The polarization detection of the detector at other frequencies is simulated in the case of the simulation model containing the antennas, substrate, electrode pads, filters and metal plate. Relationship between the simulated polarization angle and the actual polarization angle is shown in Fig. 6(a). Although the simulation angle retains acceptable linearity at different frequencies, the deviations vary with frequency. Figure 6(b) depicts the deviation angle as a function of frequency. In the band from 180 GHz to 200 GHz, the overall simulation angle is less than the actual polarization angle, i.e. $\Delta \theta < 0^{\circ }$. The inaccuracy decreases as frequency increases. Error is minimized to less than 5 degrees at frequency from 200 GHz to 210 GHz. From 210 GHz to 240 GHz, the simulation reveals that the error increase with frequency increasing. At 240 GHz, the maximum deviation even reaches 41 degrees. The difference in interference intensity on the detector at various frequencies is the main cause of this error’s frequency-dependent fluctuation. The simulations help to partially explain the experiment’s phenomena of growing inaccuracy from 216 GHz to 230.4 GHz in Fig. 4.

 

Fig. 6. (a) Relationship between the simulated angle and the actual polarization angle at different frequencies. (b) Deviation angle $\Delta \theta$ as a function of the frequency.

Download Full Size | PDF

However, the simulations above are unable to account for the increase in inaccuracy at certain polarization angles, as observed around polarization angles of $50^{\circ }$, $100^{\circ }$ and $150^{\circ }$ at 230.4 GHz. The package status of the detector is shown in the inset of Fig. 2. The detector is not at the center of the substrate, which is neglected in the simulation. The electromagnetic environment of the three HEMTs may change significantly when it is rotated to specific angles since they are situated at different substrate boundaries. Additionally, the irregular bonding wires make the reflection of terahertz waves vary at different angles, which might contribute to the variation of errors at different angles. It is challenging to implement such irregular bonding wires in simulation. Nevertheless, for practical reasons, the device’s packaging needs to be upgraded. For example, the flip chip method can be used instead of the gold wire bonding method, which will reduce the uncontrollable consequences. The final factor is that the terahertz waves released by the terahertz source are not completely uniform but instead are dispersed in a beam with a Gaussian distribution. As a result, the terahertz wave energy received by the detector changes during the rotation especially when the beam spot size is comparable to the overall area of the detector.

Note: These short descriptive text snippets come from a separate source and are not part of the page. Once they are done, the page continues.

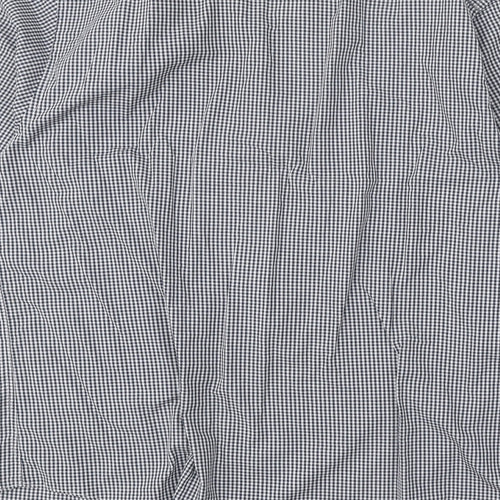 Primark Mens Blue Check Polyester Button-Up Size 17 Collared Button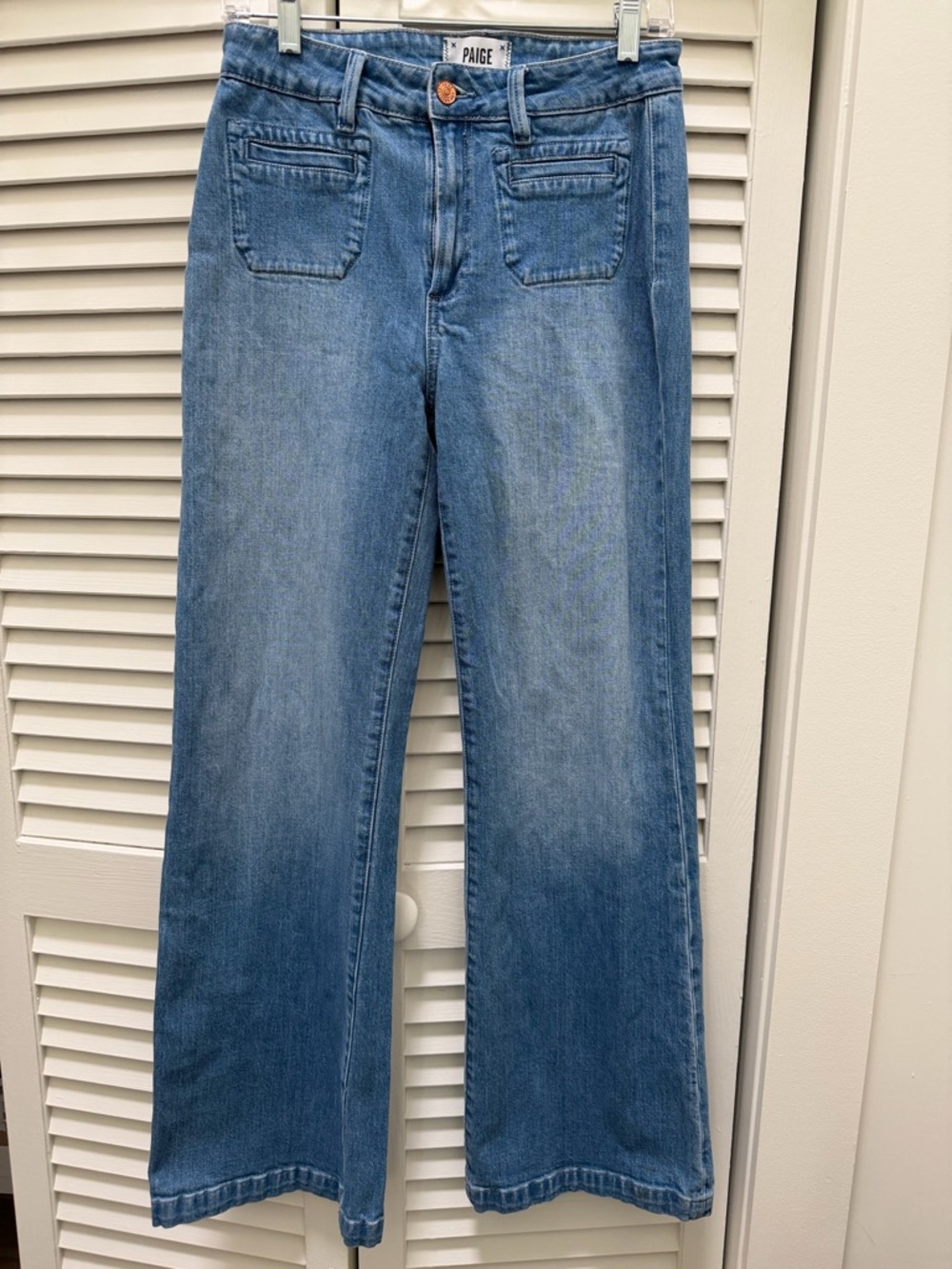 PAIGE Medium Blue Wide-Leg Denim Jeans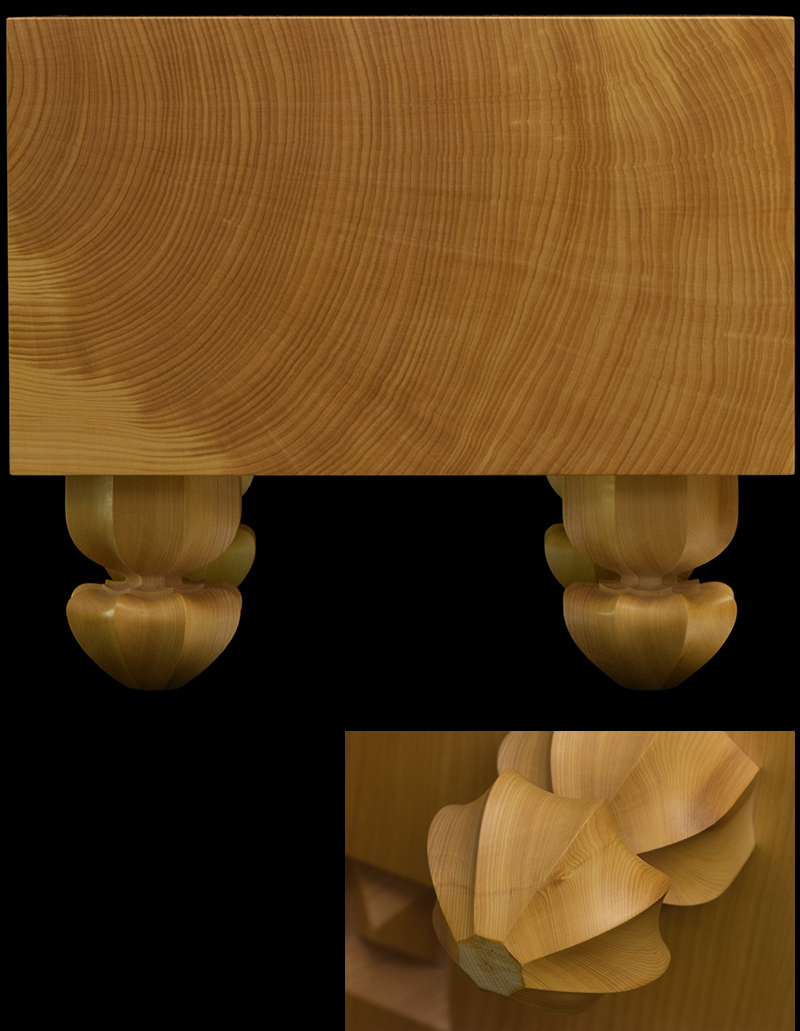 国産本榧足付将棋盤 6寸5分（天地柾） sa60033 | 前川榧碁盤店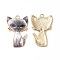 Alloy Enamel Pendants, Cadmium Free & Nickel Free & Lead Free, Golden, Cat Charms, Gray, 30x19.5x2.5mm, Hole: 2.2mm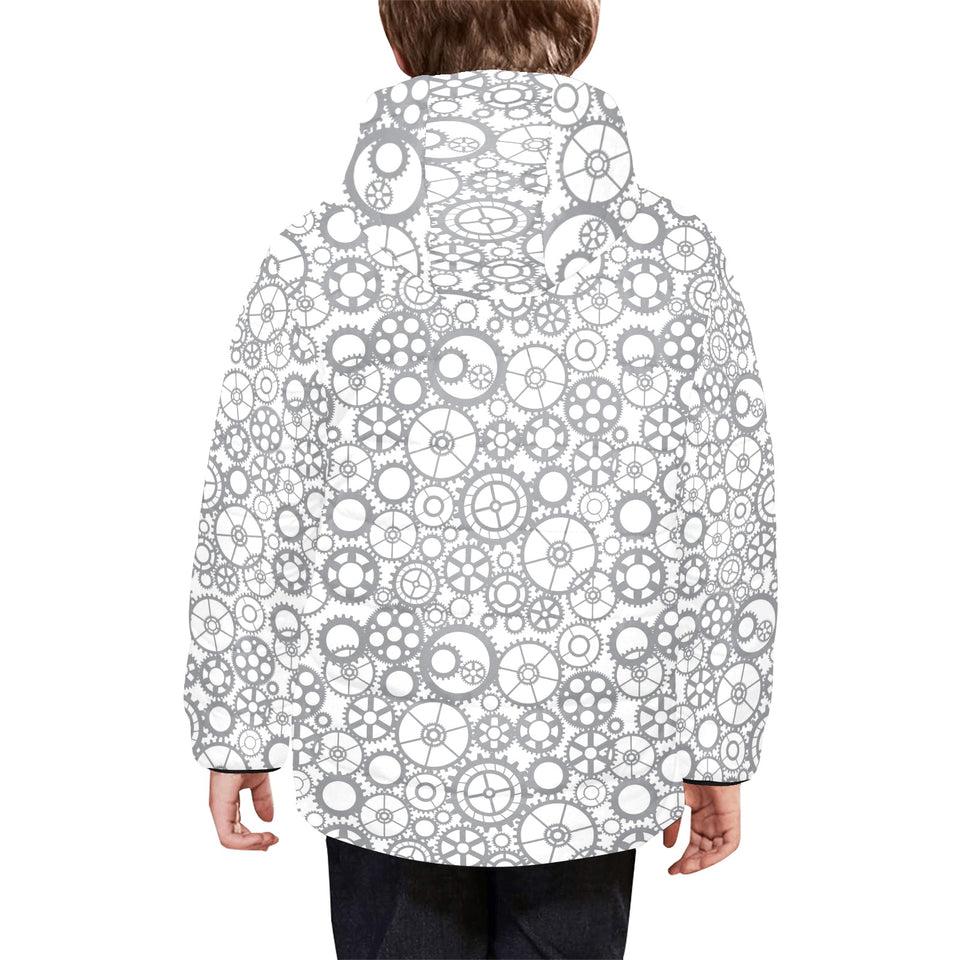 Gear Pattern Print Design 05 Kids' Boys' Girls' Padded Hooded Jacket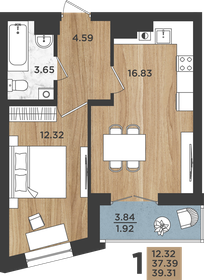 38 м², 1-комнатная квартира 4 750 000 ₽ - изображение 73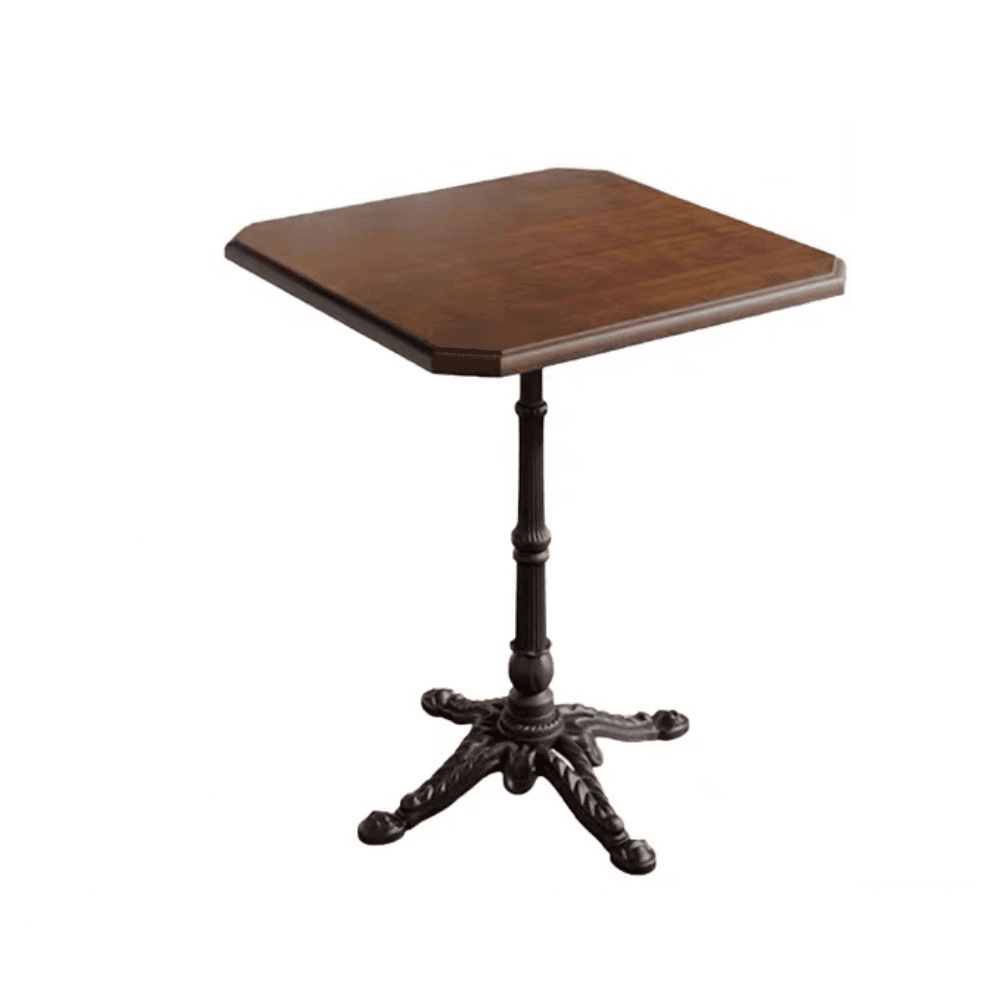 Industrial Natural Wood Finish Dining Table with a Rubber Solid Wood Tabletop and Metal Black Base - image 7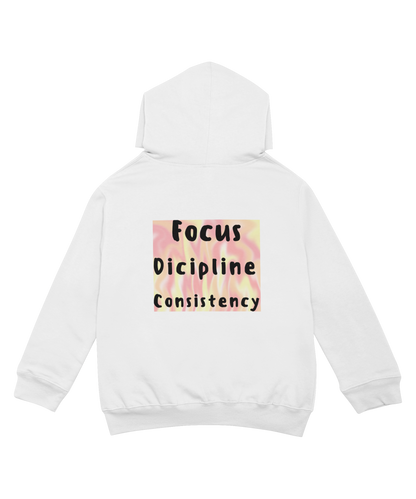 White Hoodie – Focus Discipline Consistency | Motivational Streetwear | Gen Z Oversized Hoodie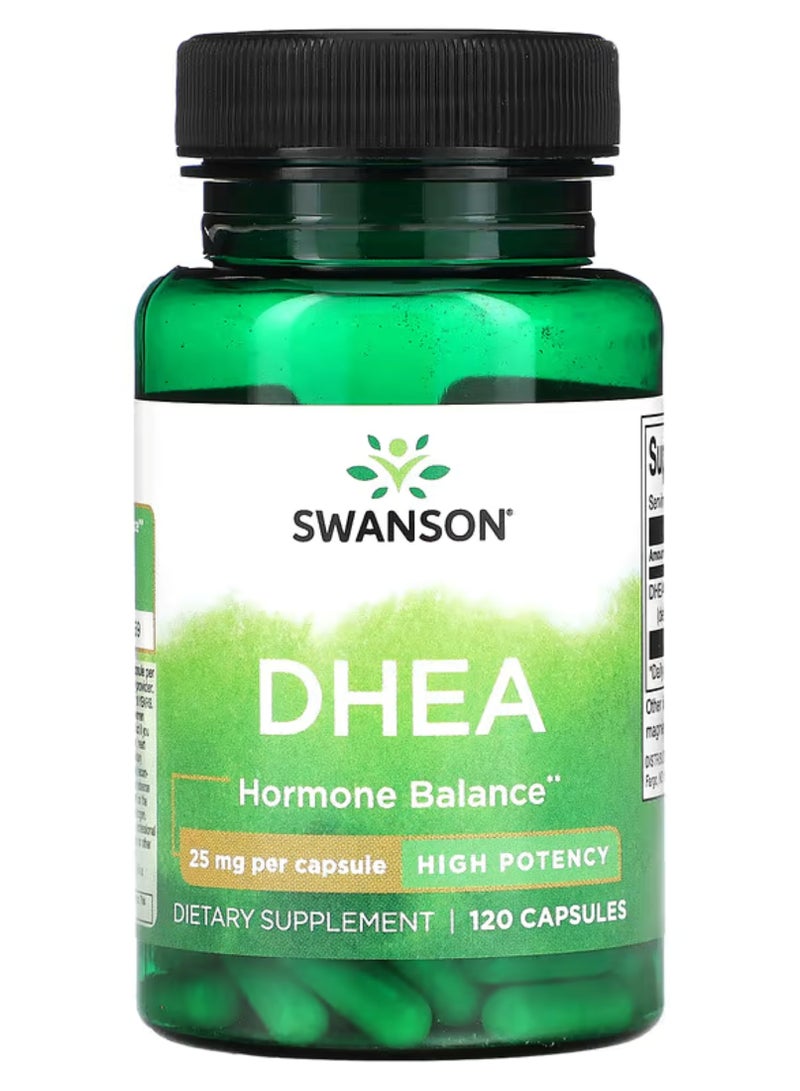 SWANSON Swanson, DHEA, High Potency, 25 mg, 120 Capsules  - Image 1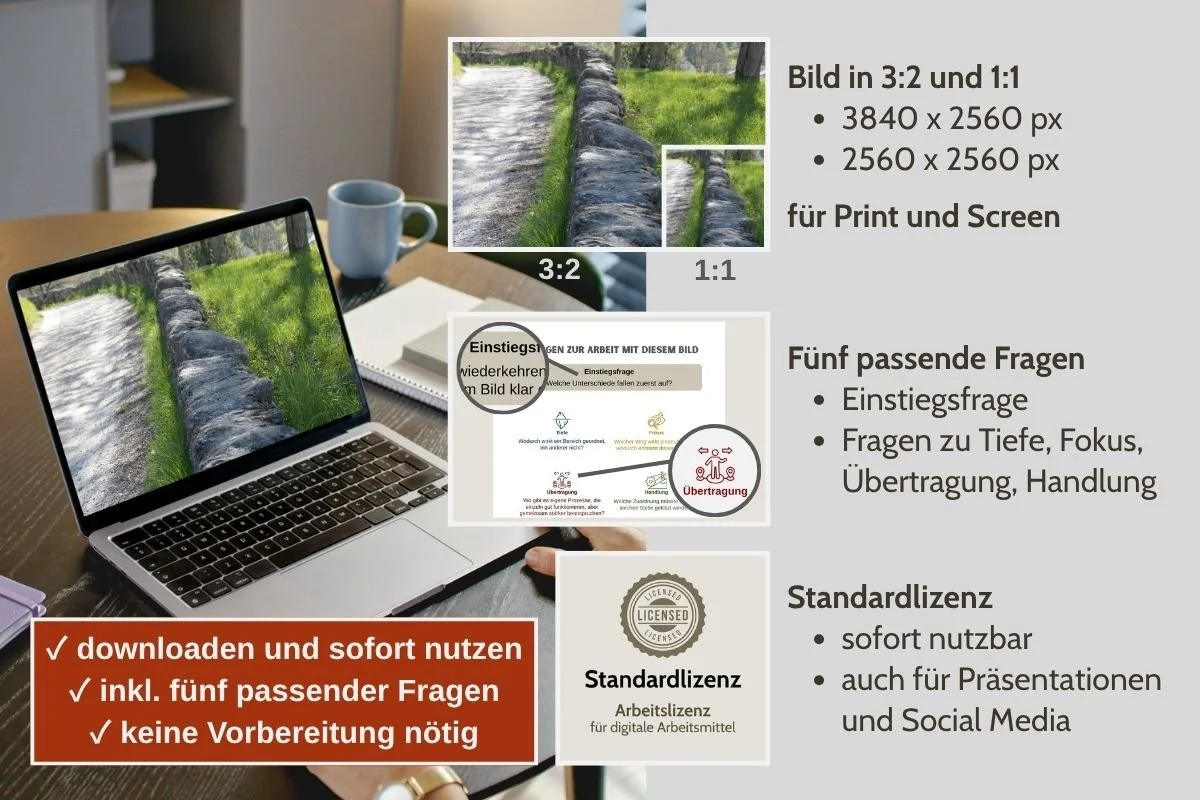 Natursteinmauer als Strukturbild auf Screen und als gedruckte Postkarte während einer Gruppenarbeit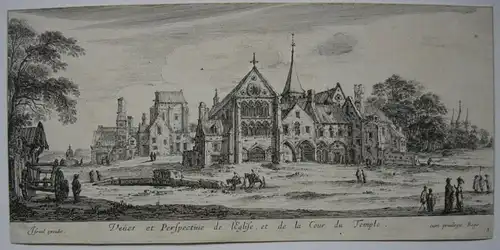 Paris Vue Perspective Eglise Cour du Temple Kupferstich Silvestre Goyrand 1650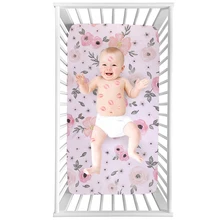 Newborn Portable Baby Stretchy Fitted Crib Sheets Set Crib Soft Mattress Active Printing Dyeing Infant Bed Sheets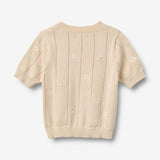 Wheat Main Gestricktes Oberteil S/S Malvina Top 9731 sandshell white flowers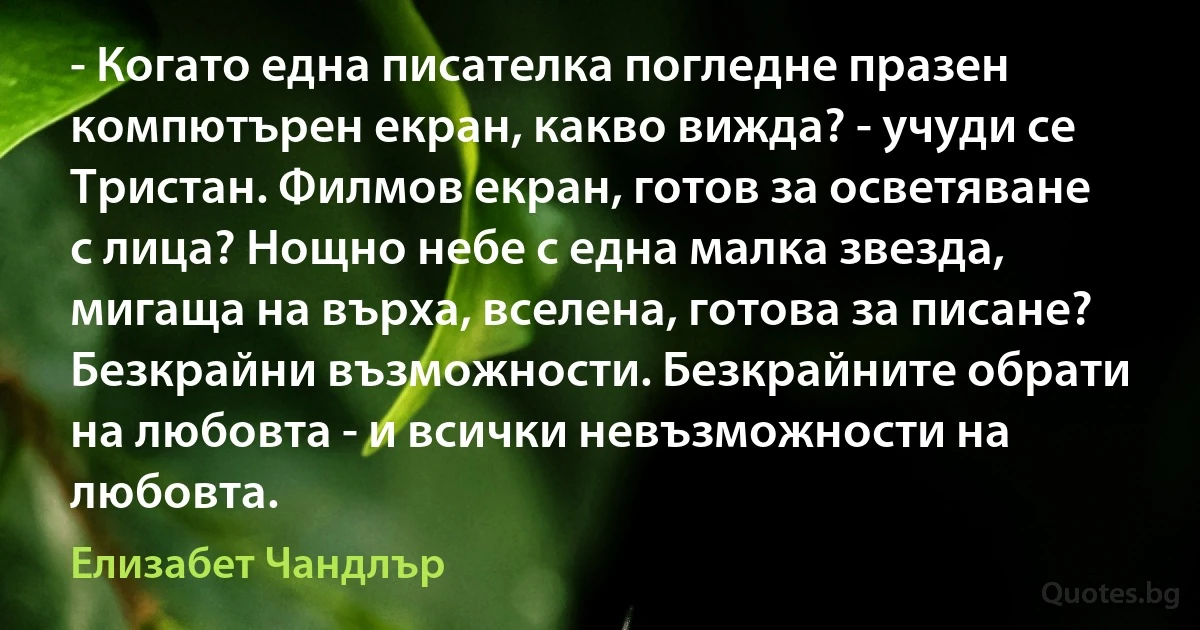 - Когато една писателка погледне празен компютърен екран, какво вижда? - учуди се Тристан. Филмов екран, готов за осветяване с лица? Нощно небе с една малка звезда, мигаща на върха, вселена, готова за писане? Безкрайни възможности. Безкрайните обрати на любовта - и всички невъзможности на любовта. (Елизабет Чандлър)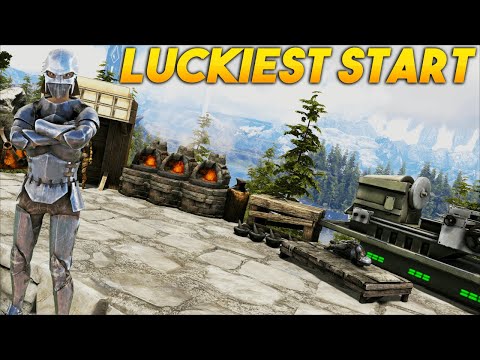 My Luckiest SOLO Start On Day 1 - ARK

In addition, the noise of circuits also plays a role in disruption to the measured photocurrents. By optimizing the design of the detector (for example, utilizing electron beam lithography to minimize the gate length [28]), the signal-to-noise ratio of the detector can be improved to lessen the impact of the noise. The optimized direct polarization detector with increased precision, higher angle resolution and broad frequency bandwidth is promising for large arrays applied in terahertz real-time polarization imaging.

4. Conclusions

In conclusion, we propose and verify an approach of a terahertz direct polarization detector based on integrated antenna-coupled AlGaN/GaN high-electron-mobility transistors. The detector realizes polarization angle detection of linearly polarized continuous terahertz waves. The results indicate that the average error and maximum error of the measured polarization angle at 216 GHz are 3.7 degrees and 10 degrees, respectively. The simulations suggest that the major cause of the error is interference induced by the filters on the chip and the metal plate in the package. Elimination of interference effects could be expected by device design and packaging to boost the precision of the polarization detector. This work lays a foundation for the development of all-electronic terahertz straightforward polarization detector arrays for real-time polarization imaging.